The authorities will also monitor the reliability of NEVs. NEVs with significant quality issues will not be able to obtain government approval to go on sale and will no longer be eligible for subsidies. As with previous policies, a three-month transition period has been granted, starting from 26 March. The announced policies only apply to passenger and commercial EVs. Subsidy policies for FCVs and new energy buses will be announced at a later date.
Outlook and implications
China has heavily subsidised the NEV industry in the past decade to foster consumption. Such policies have worked effectively to attract manufacturers to the sector at an early stage and have encouraged consumer adoption of NEVs by lowering their purchasing prices. However, the shortcomings of this policy are also obvious. Manufacturers, which have grown reliant on government aid, have become less proactive on technology development.

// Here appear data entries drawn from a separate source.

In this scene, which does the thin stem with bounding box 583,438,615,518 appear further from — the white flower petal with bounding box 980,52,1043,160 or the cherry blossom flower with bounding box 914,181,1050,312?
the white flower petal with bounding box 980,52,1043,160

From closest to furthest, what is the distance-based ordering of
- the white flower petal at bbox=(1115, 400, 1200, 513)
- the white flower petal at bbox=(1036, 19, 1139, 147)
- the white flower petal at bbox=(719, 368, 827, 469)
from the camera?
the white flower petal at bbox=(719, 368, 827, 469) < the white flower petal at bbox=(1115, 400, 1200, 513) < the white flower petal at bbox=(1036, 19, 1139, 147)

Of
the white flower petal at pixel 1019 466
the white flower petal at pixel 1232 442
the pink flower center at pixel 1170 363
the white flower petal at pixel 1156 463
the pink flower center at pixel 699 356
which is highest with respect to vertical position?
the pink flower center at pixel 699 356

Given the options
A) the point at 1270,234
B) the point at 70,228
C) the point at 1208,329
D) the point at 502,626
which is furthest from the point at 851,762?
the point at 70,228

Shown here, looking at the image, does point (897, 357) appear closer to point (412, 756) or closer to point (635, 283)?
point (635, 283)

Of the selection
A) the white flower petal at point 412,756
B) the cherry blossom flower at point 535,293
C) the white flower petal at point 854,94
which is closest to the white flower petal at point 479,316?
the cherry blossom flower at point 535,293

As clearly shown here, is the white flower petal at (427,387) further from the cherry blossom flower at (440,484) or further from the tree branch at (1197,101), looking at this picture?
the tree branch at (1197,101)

The 2019 subsidy policy has been announced significantly later than in previous years. The delay has, to some degree, confused consumers as automakers have been rolling out various marketing policies to convince them to take advantage of the 2018 scheme. However, the more cautious attitude of industry authorities also reflects the critical role such policies have played in promoting the growth of the NEV industry. The significant reduction in government subsidies should not come as a surprise to manufacturers as the authorities have spoken openly on various occasions about their intention to promote "organic growth" of the industry and to phase out such subsidies by 2022. With less financial aid from the government, manufacturers will have to look at their product strategies more carefully and avoid engaging in technology competitions that come at a high cost. Foreign OEMs that have a deep technology reserve for EV development and a stronger brand, are likely to weather the policy changes better than smaller local players.